To enable this synchronization, Microsoft provides a tool called Microsoft Entra Connect (previously known as Azure Connect; staying up to date with Microsoft's naming conventions can be as difficult as staying up to date with this site's CSS changes…).
- Details of the test architecture:
- Local domain: std.priv
- Entra domain: std.rocks
Network Diagram

Prerequisites
- Prerequisites:
- .Net: 4.7.2
- Tls: 1.2
Make sure you have a version of .Net at least equal to 4.7.2 and Tls with version 1.2. For example, on a Windows 2016 server, I had to update my .Net version and activate Tls to 1.2.
- Below is the error message: Incorrect version of Tls when lauching Entra Connect for the first time:

- To solve this problem, first display the currently configured Tls version (Note: on Windows Server 2025, it only returns: SystemDefault, which isn't very useful…):
PS C:\> [Net.ServicePointManager]::SecurityProtocol
Ssl3, Tls
- Run this PowerShell script to permanently activate Tls 1.2:
If (-Not (Test-Path 'HKLM:\SOFTWARE\WOW6432Node\Microsoft\.NETFramework\v4.0.30319'))
{
New-Item 'HKLM:\SOFTWARE\WOW6432Node\Microsoft\.NETFramework\v4.0.30319' -Force | Out-Null
}
New-ItemProperty -Path 'HKLM:\SOFTWARE\WOW6432Node\Microsoft\.NETFramework\v4.0.30319' -Name 'SystemDefaultTlsVersions' -Value '1' -PropertyType 'DWord' -Force | Out-Null
New-ItemProperty -Path 'HKLM:\SOFTWARE\WOW6432Node\Microsoft\.NETFramework\v4.0.30319' -Name 'SchUseStrongCrypto' -Value '1' -PropertyType 'DWord' -Force | Out-Null
If (-Not (Test-Path 'HKLM:\SOFTWARE\Microsoft\.NETFramework\v4.0.30319'))
{
New-Item 'HKLM:\SOFTWARE\Microsoft\.NETFramework\v4.0.30319' -Force | Out-Null
}
New-ItemProperty -Path 'HKLM:\SOFTWARE\Microsoft\.NETFramework\v4.0.30319' -Name 'SystemDefaultTlsVersions' -Value '1' -PropertyType 'DWord' -Force | Out-Null
New-ItemProperty -Path 'HKLM:\SOFTWARE\Microsoft\.NETFramework\v4.0.30319' -Name 'SchUseStrongCrypto' -Value '1' -PropertyType 'DWord' -Force | Out-Null
If (-Not (Test-Path 'HKLM:\SYSTEM\CurrentControlSet\Control\SecurityProviders\SCHANNEL\Protocols\TLS 1.2\Server'))
{
New-Item 'HKLM:\SYSTEM\CurrentControlSet\Control\SecurityProviders\SCHANNEL\Protocols\TLS 1.2\Server' -Force | Out-Null
}
New-ItemProperty -Path 'HKLM:\SYSTEM\CurrentControlSet\Control\SecurityProviders\SCHANNEL\Protocols\TLS 1.2\Server' -Name 'Enabled' -Value '1' -PropertyType 'DWord' -Force | Out-Null
New-ItemProperty -Path 'HKLM:\SYSTEM\CurrentControlSet\Control\SecurityProviders\SCHANNEL\Protocols\TLS 1.2\Server' -Name 'DisabledByDefault' -Value '0' -PropertyType 'DWord' -Force | Out-Null
If (-Not (Test-Path 'HKLM:\SYSTEM\CurrentControlSet\Control\SecurityProviders\SCHANNEL\Protocols\TLS 1.2\Client'))
{
New-Item 'HKLM:\SYSTEM\CurrentControlSet\Control\SecurityProviders\SCHANNEL\Protocols\TLS 1.2\Client' -Force | Out-Null
}
New-ItemProperty -Path 'HKLM:\SYSTEM\CurrentControlSet\Control\SecurityProviders\SCHANNEL\Protocols\TLS 1.2\Client' -Name 'Enabled' -Value '1' -PropertyType 'DWord' -Force | Out-Null
New-ItemProperty -Path 'HKLM:\SYSTEM\CurrentControlSet\Control\SecurityProviders\SCHANNEL\Protocols\TLS 1.2\Client' -Name 'DisabledByDefault' -Value '0' -PropertyType 'DWord' -Force | Out-Null
Another prerequisite in our configuration is to have the E-mail field filled in for the Active Directory user accounts that will be synchronized in Entra.
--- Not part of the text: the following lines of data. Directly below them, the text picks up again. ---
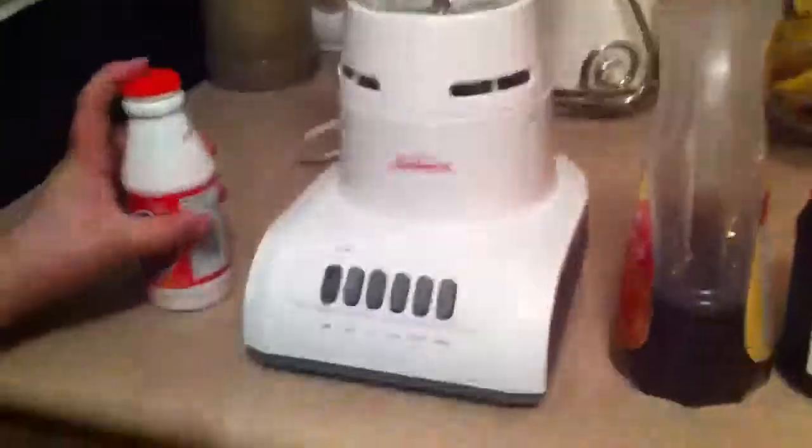Hey guys, we are making a gross — Epic smoothie time! We are making a gross smoothie out of strawberry yop, syrup, jam, chocolate chips, and sherbet ice cream. Ooh, sherbet.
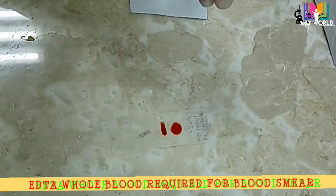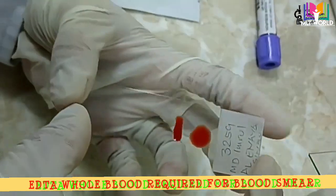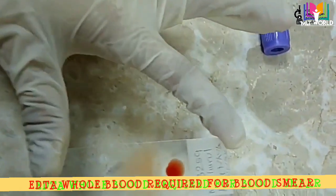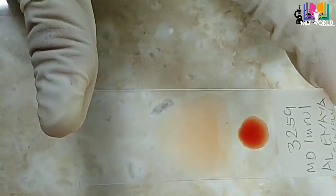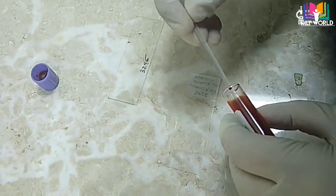Now there are two methods to make a thin smear. In the first method, you keep your slide in that position and move forward towards you, and the smear is ready. You can see this smear has a nice, beautiful tail and body.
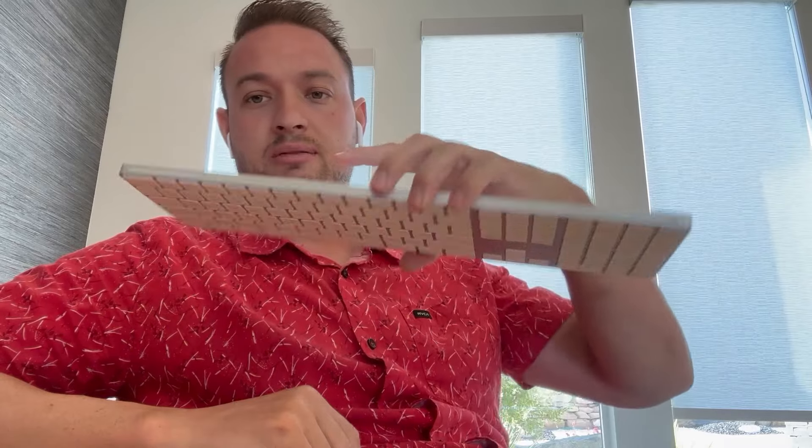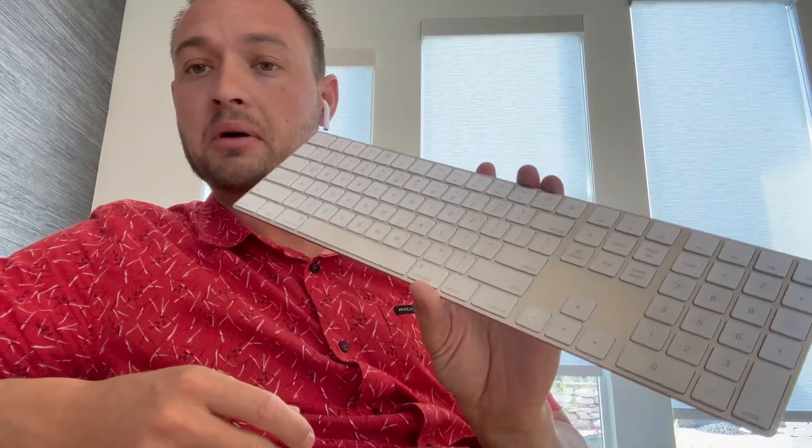I haven't had any problems with it. You can just charge it right there — super easy. Turn it on, and you never have to worry about it. This is the on switch right here, slide it on, and that's how it works.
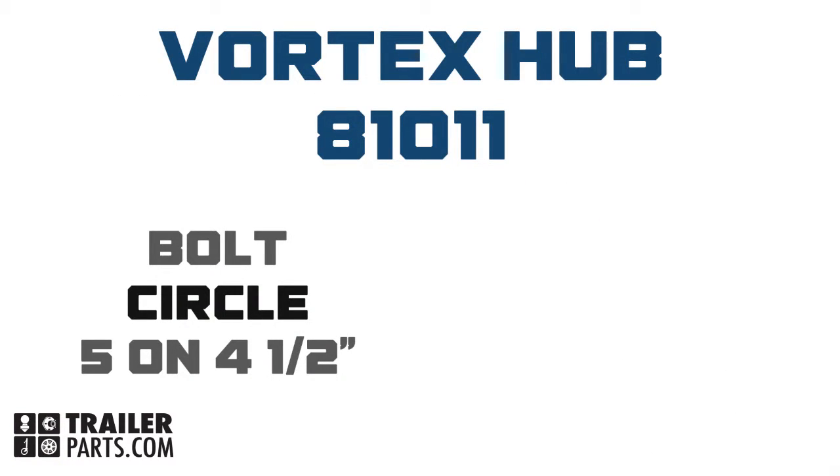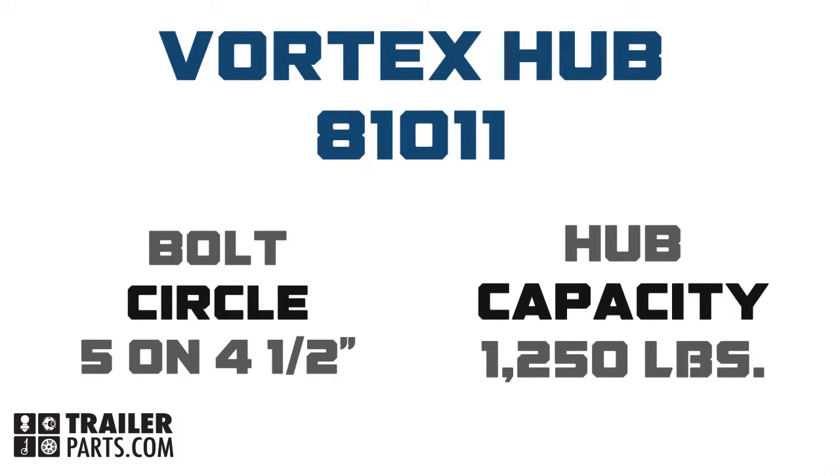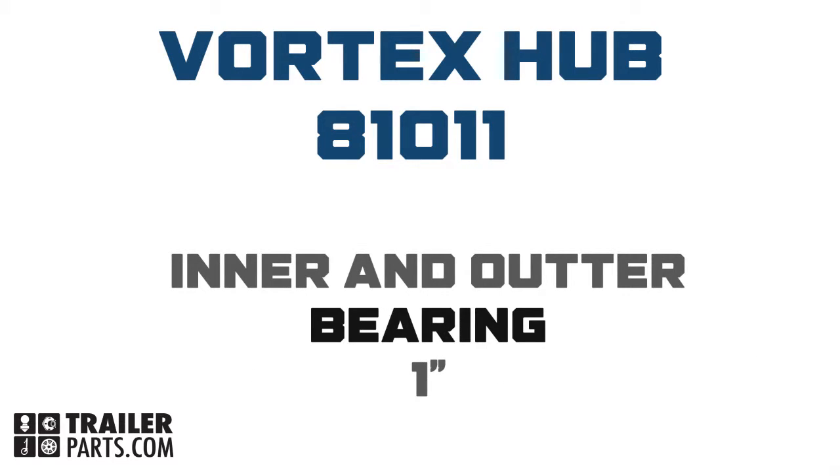This hub's bolt circle is five on four and a half inches and it has a capacity of 1250 pounds. The inner and outer bearing measurements for inside the hub are one inch.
I'm in a case where the local domain is private (std.priv) and therefore different from that of Entra-ID (std.rocks). It is therefore the E-mail field that will contain the link between the on-premise account and the one in Entra-ID.

Installing Microsoft Entra Connect
Download the latest version of Microsoft Entra Connect from the official Microsot website: https://www.microsoft.com/en-us/download/details.aspx?id=47594.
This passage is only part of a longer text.